I most recently worked in 16mm colour as the Director of Photography for a 30-minute film that played in the Toronto Short Film Festival, called The Devil & Ms. Jones, and excerpted here...
Shooting on film is a great experience, and I do miss it, but not really because of its visual properties (and I'll explain why not in an upcoming post, above). Mostly I miss the challenge of it. Working on film is like flying without a net. Film cameras don't normally come with LCD screens attached, and even when they do, no video monitor can show you how the light will fall on that emulsion. You have to know it in advance, because you've tested on your film stock and you understand the language of light with a fluency that you can get away without on video.
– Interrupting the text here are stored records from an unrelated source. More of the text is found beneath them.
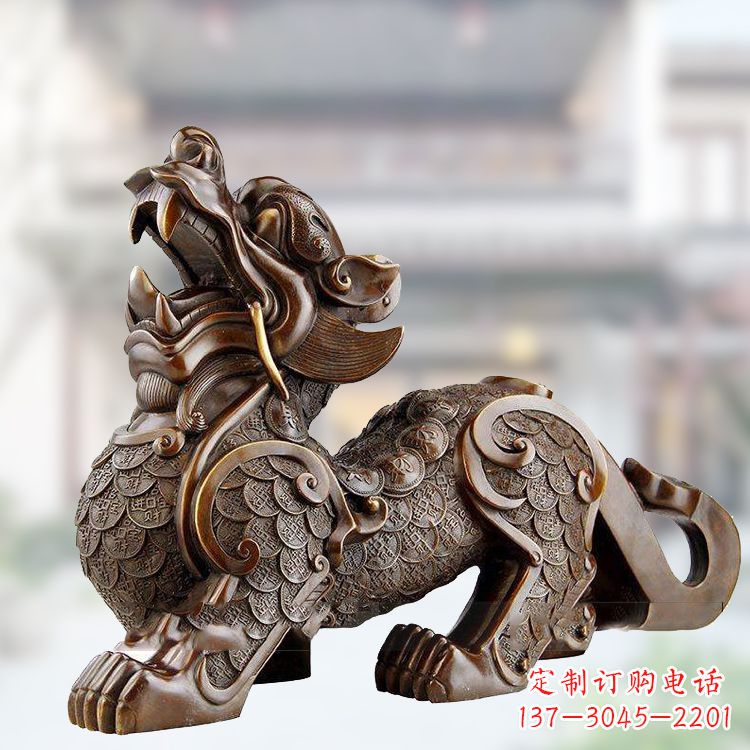 湖南铜雕仿古辟邪貔貅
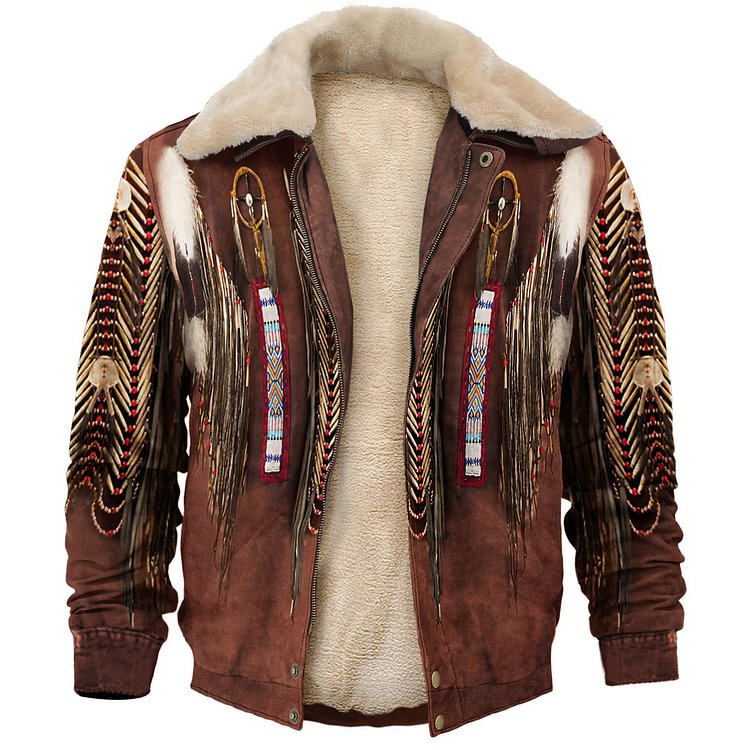 Retro American Western Ffeather Fringed Denim Jacket Print Unisex Deluxe Outerwear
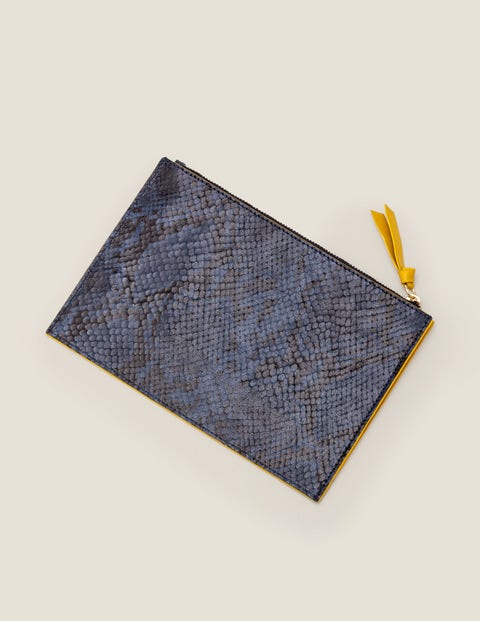 Lederbeutel - Navy, Schlangenmuster Lederbeutel - Navy, Schlangenmuster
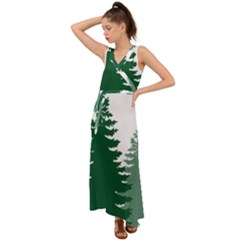 Pine Trees Spruce Tree V-neck Chiffon Maxi Dress by Modalart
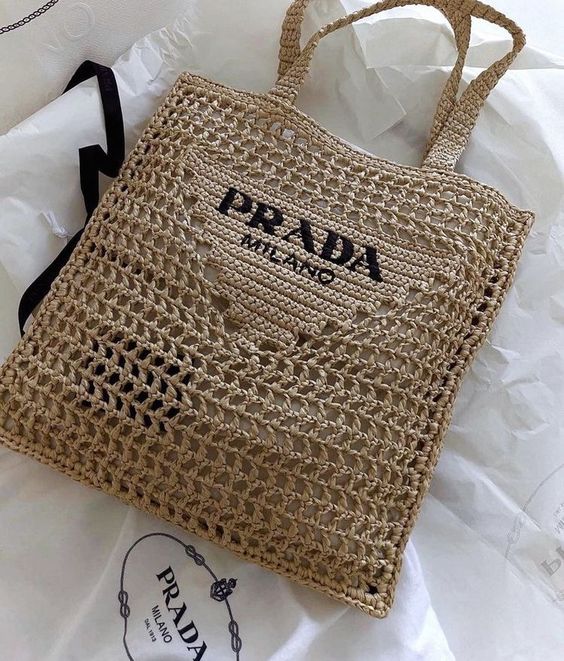 Prada Women's Natural Crochet Tote Bag-Khaki mysite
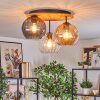 Koyoto Plafondlamp, Kogellampje 40 cm Natuurlijke kleuren, Zwart, 3-lichts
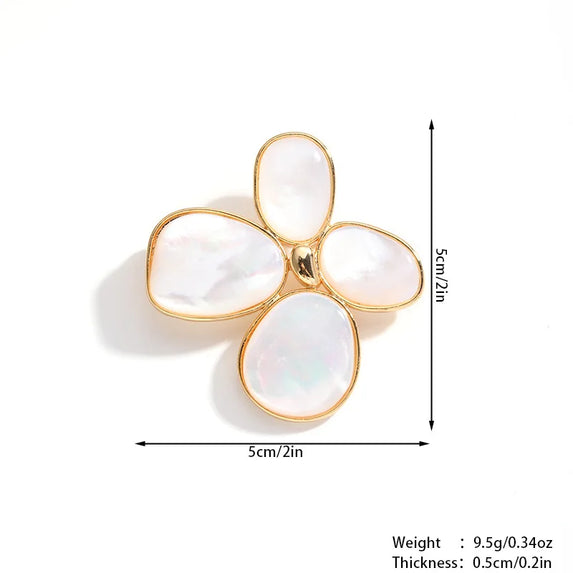 Luxury Pearl Shell Earring Ring Brooch Jewelry Set, Natural Stone Ring & Flower Earring,Women's Elegant Clothing Decoration Gift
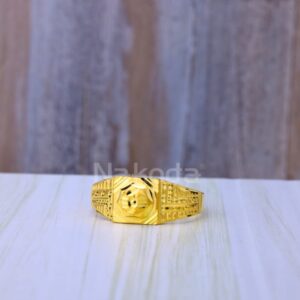 22KT Gold CZ Mens Classic Plain Ring MPR255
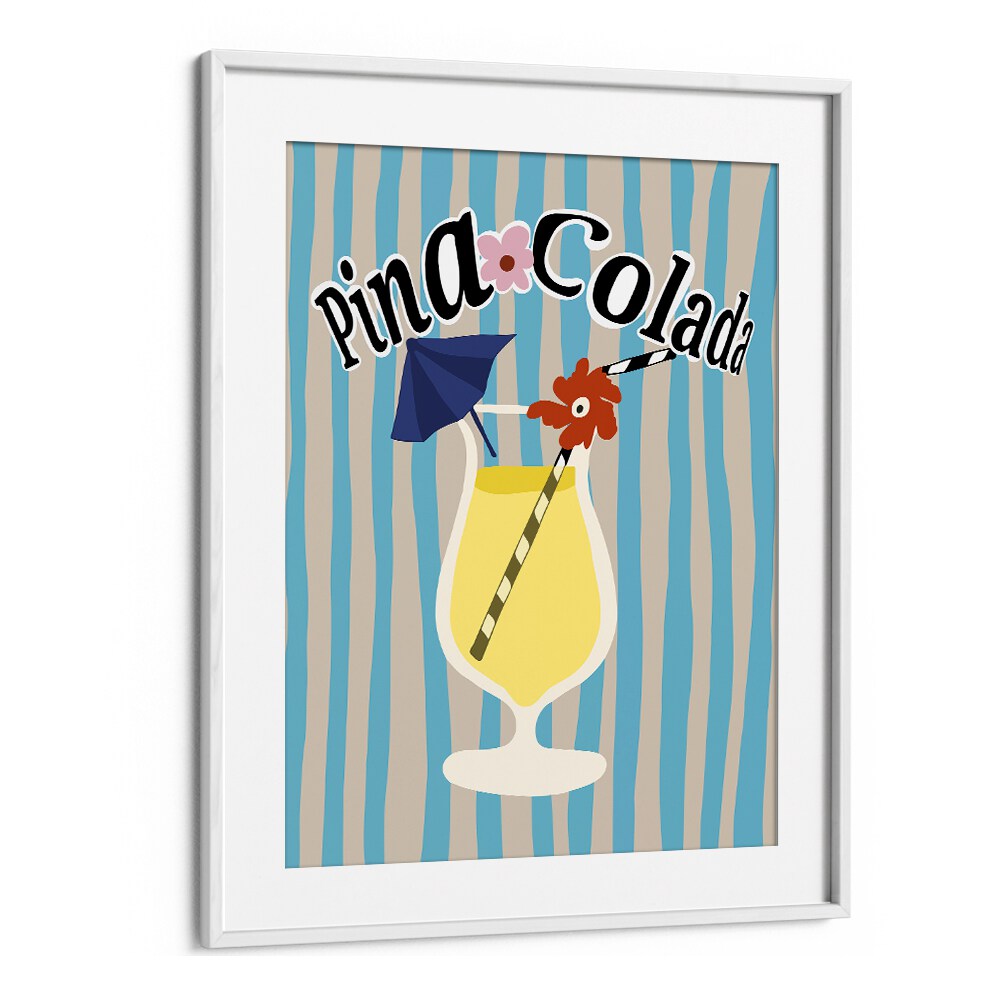 Pina Colada by Miho Art Studio Bar Posters Bar Art Prints in White Frame With Mount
Now there's no doubt that being well-versed in film photography is a big advantage when lighting for DV (much more so than vice versa), but strictly-speaking, it isn't completely necessary to get the job done. So there's a whole range of skills that only gets a vital workout on film. And when you haven't done it in a while ... yeah. You miss it.
Other projects I have shot on 16mm colour include the following two student films from my time at Ryerson in the film certificate program: Filmmaking in Two Easy Steps (as the writer, director, cinematographer, and editor); and The Payoff (as the cinematographer).
Incidentally, the script for Filmmaking in Two Easy Steps is a 16-beat quad, the first one I ever wrote for the screen. And coming full circle in a way I never would have predicted ten years ago,
I've been writing a lot more of them lately.